● **EXERCISE**
The pictures stay out; all of the data is to be printed exactly.

+++ THE INPUT

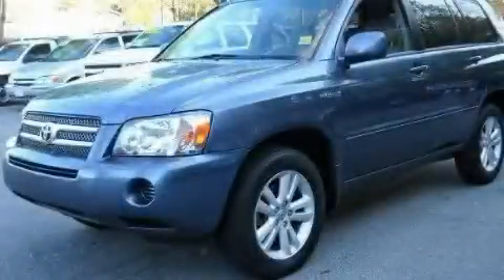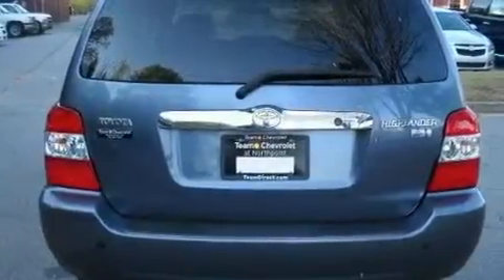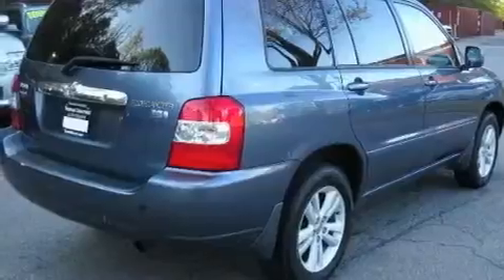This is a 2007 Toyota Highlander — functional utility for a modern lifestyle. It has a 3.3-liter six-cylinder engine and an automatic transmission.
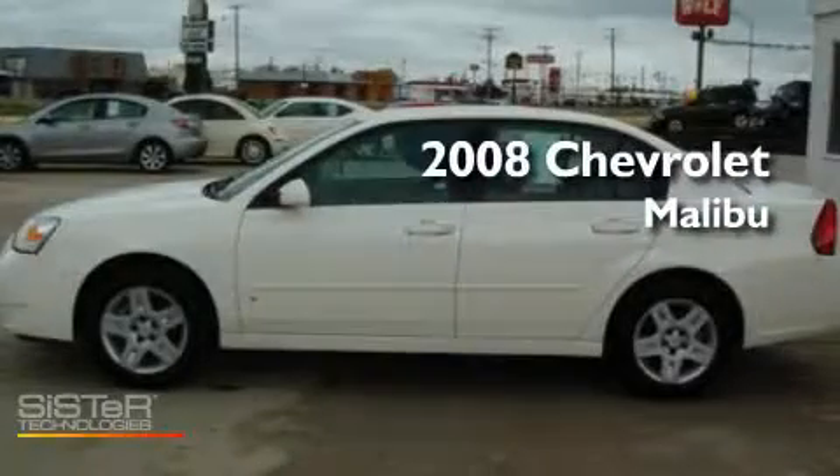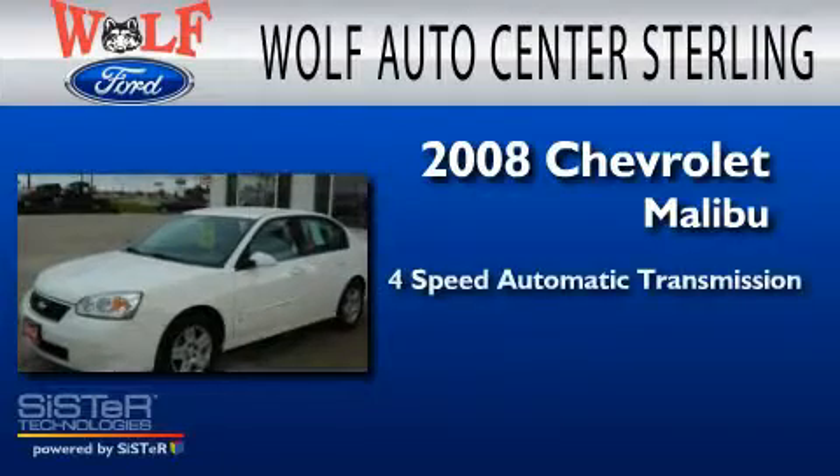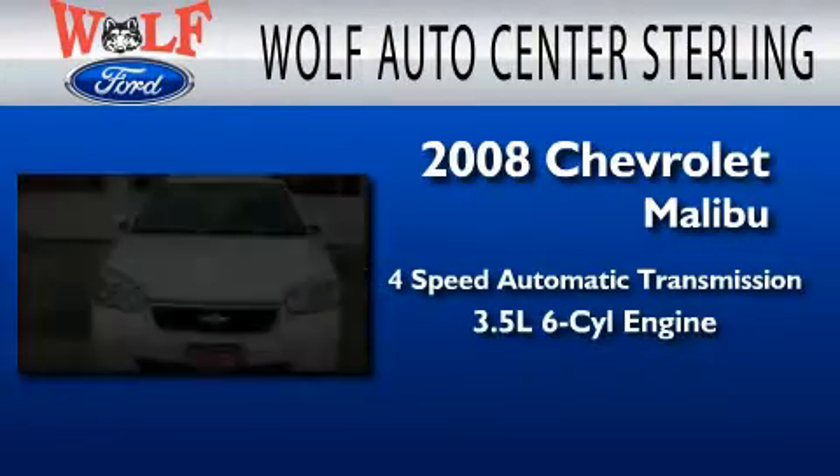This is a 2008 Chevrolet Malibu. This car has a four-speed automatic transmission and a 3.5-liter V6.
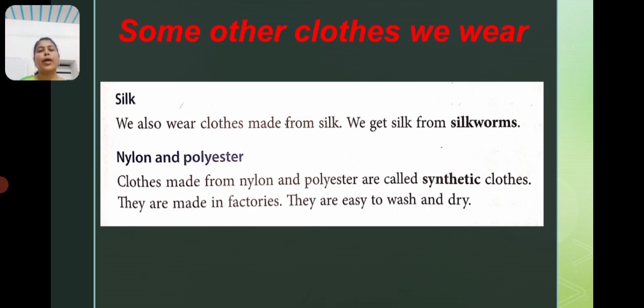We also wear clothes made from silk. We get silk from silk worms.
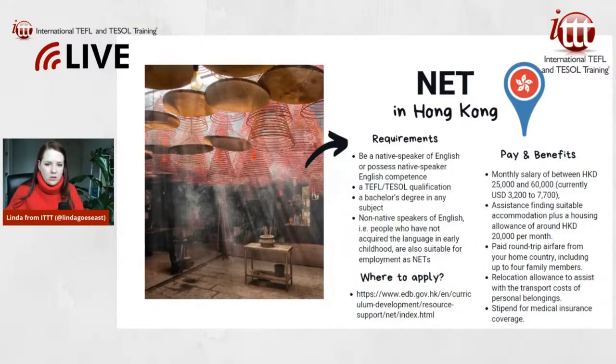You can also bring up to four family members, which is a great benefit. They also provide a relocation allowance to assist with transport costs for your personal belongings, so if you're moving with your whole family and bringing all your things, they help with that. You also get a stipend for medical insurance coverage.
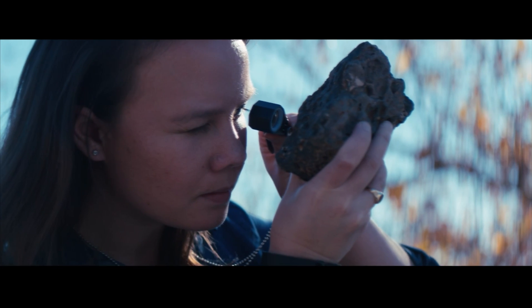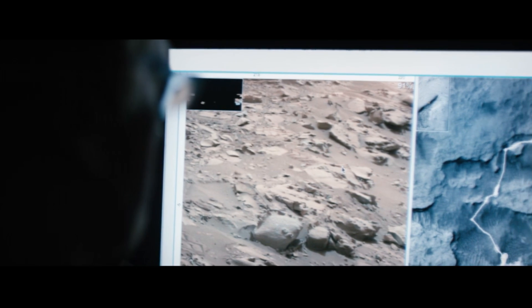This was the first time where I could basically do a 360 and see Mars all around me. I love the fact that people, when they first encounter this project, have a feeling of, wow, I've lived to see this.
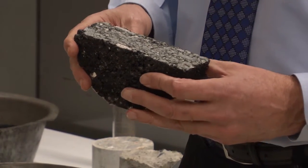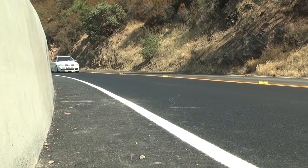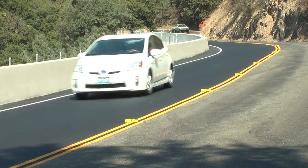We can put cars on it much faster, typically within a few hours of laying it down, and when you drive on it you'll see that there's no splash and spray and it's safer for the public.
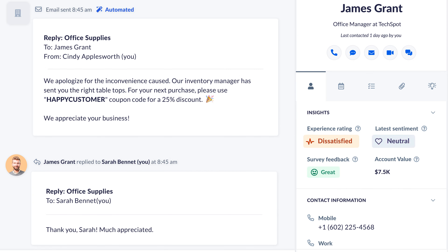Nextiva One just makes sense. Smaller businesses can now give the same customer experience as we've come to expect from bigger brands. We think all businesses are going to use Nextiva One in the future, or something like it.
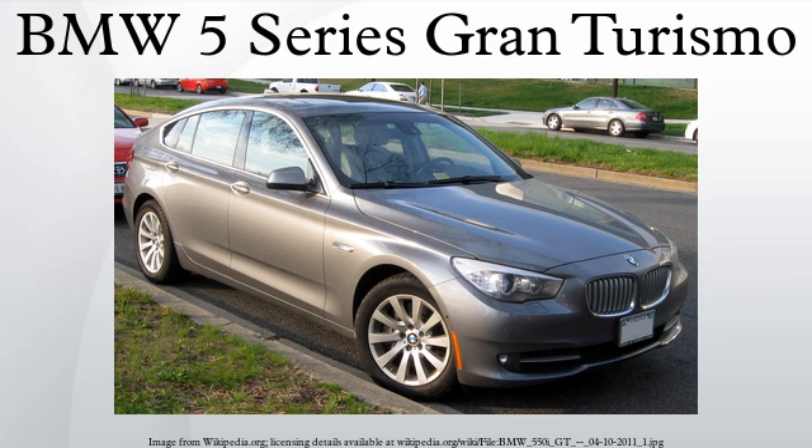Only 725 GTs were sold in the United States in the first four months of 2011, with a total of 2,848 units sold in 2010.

++++++

● **EXERCISE RESULT**
This is a 2007 Toyota Highlander — functional utility for a modern lifestyle. It has a 3.3-liter six-cylinder engine and an automatic transmission.
This is a 2008 Chevrolet Malibu. This car has a four-speed automatic transmission and a 3.5-liter V6.
We also wear clothes made from silk. We get silk from silk worms.
You can also bring up to four family members, which is a great benefit. They also provide a relocation allowance to assist with transport costs for your personal belongings, so if you're moving with your whole family and bringing all your things, they help with that. You also get a stipend for medical insurance coverage.
This was the first time where I could basically do a 360 and see Mars all around me. I love the fact that people, when they first encounter this project, have a feeling of, wow, I've lived to see this.
We can put cars on it much faster, typically within a few hours of laying it down, and when you drive on it you'll see that there's no splash and spray and it's safer for the public.
Nextiva One just makes sense. Smaller businesses can now give the same customer experience as we've come to expect from bigger brands. We think all businesses are going to use Nextiva One in the future, or something like it.
Only 725 GTs were sold in the United States in the first four months of 2011, with a total of 2,848 units sold in 2010.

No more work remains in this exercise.